I arrived in France an abhorrer of cheese, tomato and salad dressing and left with an appreciation for all things culinary. Except meat, of course, which the French never managed to convince me was worth eating. Part of this transformation came at the feet, or rather in the kitchen, of a good family friend, Myriam Rey. Myriam and the rest of the Reys met my family when Jean-Michel, the father/husband, brought them to live at FermiLab for a year while he worked with my dad. When I spent a year in France they became my family away from home. Myriam cooks with the quintessential grace of the french home cook. Every thing is simple, fresh, delicious and prepared seemingly without effort. She made something like dish I'm sharing with you in this post when I visited them last summer while working at CERN. It's perfect for the summer when tomatoes and squash are abundant. We got some beautiful Romas and zucchini in our box this week so I couldn't resist making it.

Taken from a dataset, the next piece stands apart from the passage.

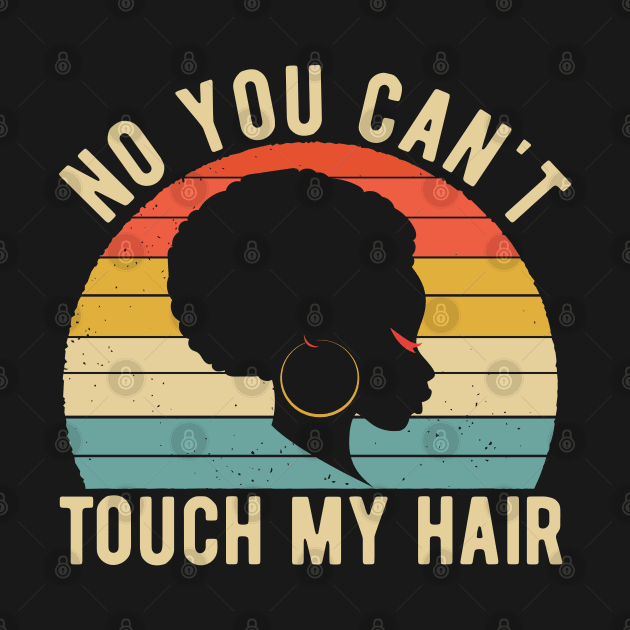 funny quote  no you cant touch my hair vintage humor meme by Gaming champion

Gratin de Tomate, Courgette et Chèvre à la Myriam

4 long or 5 to 6 normal sized roma or other firm tomatoes
2 medium or 3 small zucchini (courgette)
4 oz log of goat cheese

1 cup of brown rice
1.5-2.5 cups of water or vegetable broth

1 lg or 2 small white or yellow onions, cut in half and thinly sliced
1-1.5 cups of thinly sliced mushrooms (brown is better)
3 cloves of garlic, minced or pressed
2 tbsp olive oil
1/3 cup of white wine

herbs, fresh or dried, for garnish
coarse salt and freshly ground pepper

Preheat the oven to 350 F and lightly oil the inside of a 9x13in baking dish.

Start the rice cooking in the broth either on the stove or in a rice cooker.

Heat the oil in a skillet to medium heat and add the pressed garlic. Cook for a couple of minutes, stirring frequently, then add the onions. After about 8 minutes, add the wine, two minutes later add the mushrooms and a pinch or two of salt. Cook until the onions are translucent and the mushrooms are beginning to brown, about 15 more minutes.

In the meantime slice the tomatoes and the zucchini into thin rounds of approximately the same size. Keep the cheese in the fridge until you are assembling the dish.

Once the rice is cooked add it to the onions and stir until combined. Then scoop the mixture in to the baking dish, smoothing till it forms a flat layer. Get the log out of the fridge and remove the wrapping. You'll be slicing off a round the size of the vegetables one at a time

Start laying the vegetables and cheese slices on top of the rice, alternating tomato and zucchini twice then cheese: zucchini-tomato-zucchini-tomato-cheese-zucchini-tomato-zucchini-tomato-cheese, etc. Do a full row and the start the next with tomato. The picture should be worth a thousand explanations in this case.


If you are using dried herbs, sprinkle some on now, along with salt and pepper. I sprinkled a bit of herbs de provence and then used some fresh ones after it was cooked.

Put the dish in the oven and cook for at least 3o minutes. You can check on it at 30 and if the zucchini don't look cooked enough, let it go longer, possibly up to an hour. The time to cook depends on the thickness of the slices, I think mine took 45 min to bake.

Sprinkle with fresh herbs (I had basil and parsley lying around but any herb should work). Serve carefully, it has a tendency to fall apart. And enjoy!
Here is a photo from the original Myriam made last summer. She added some sort of sausage in the meat eater version and used the wonderful french chèvre which has a rind. I can only find it in the US for exhorbitant prices, so I usually use the rind-less Trader Joe's version. She also exhibited greater patience or better planning than I and most likely cooked hers for an hour.